Self-diffusion of water, ethanol and decafluropentane in perfluorosulfonate ionomer by pulse field gradient NMR

Abstract

Self-diffusion constants for water, ethanol and decafluoropentane were measured in the perfluorosulfonate ionomer NafionR using pulse field gradient proton NMR. Measurements were made as a function of concentration, temperature and diffusion time. For water, diffusion constants ranged from 10−4 to 10−7cm2/s. A reasonable interpretation could be developed using free volume theory if the concentration was scaled by considering only the ionomeric pendant group as the accessible domain. The temperature dependence could be summarized in terms of the WLF equation. For ethanol, the self-diffusion constants are comparable in magnitude to those of water but the concentration dependence is stronger and the temperature dependence weaker. Free volume theory provides a poor framework for summarizing the concentration and temperature dependence of the diffusion of ethanol in Nafion. In an accompanying report, fluorine-19 spin diffusion and fluorine-19 line shape data indicate larger morphological changes in Nafion upon addition of ethanol and greater plasticization of the pendant group domain.
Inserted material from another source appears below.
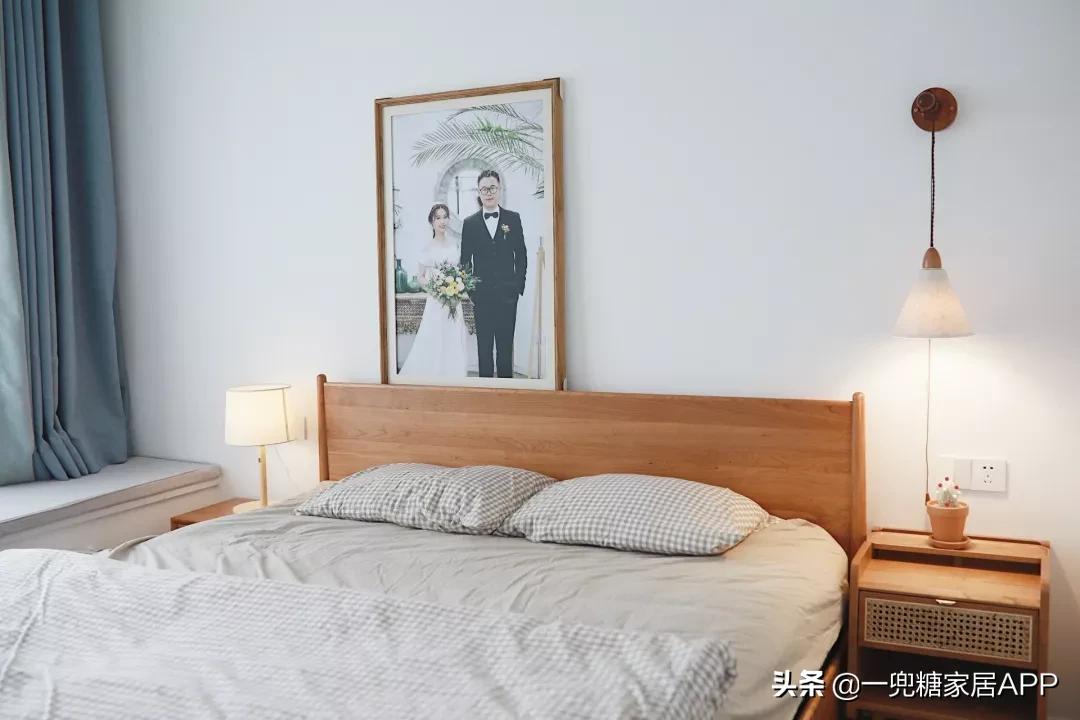 瀹跺眳鏀剁撼濂界墿鎺ㄨ崘鐪侀挶,瀹跺眳鏀剁撼濂界墿鎺ㄨ崘鍓嶅崄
The larger morphological changes are thought to contribute to the concentration dependence of diffusion making free volume theory inapplicable. The decafluoropentane diffusion constants appear to depend on the time scale over which the diffusion is observed. This is not true for the other two penetrants, which are considered to be primarily located in domains comprised of the sulfonate groups and side chains. The decafluropentane is likely to be located in amorphous domains composed of the CF2 groups. The dependence of the self-diffusion constant of the decafluoropentane on diffusion time indicates that the domain or phase supporting transport is poorly interconnected. At long diffusion times, the product of the self-diffusion constant and the diffusion time becomes constant which is associated with restricted diffusion.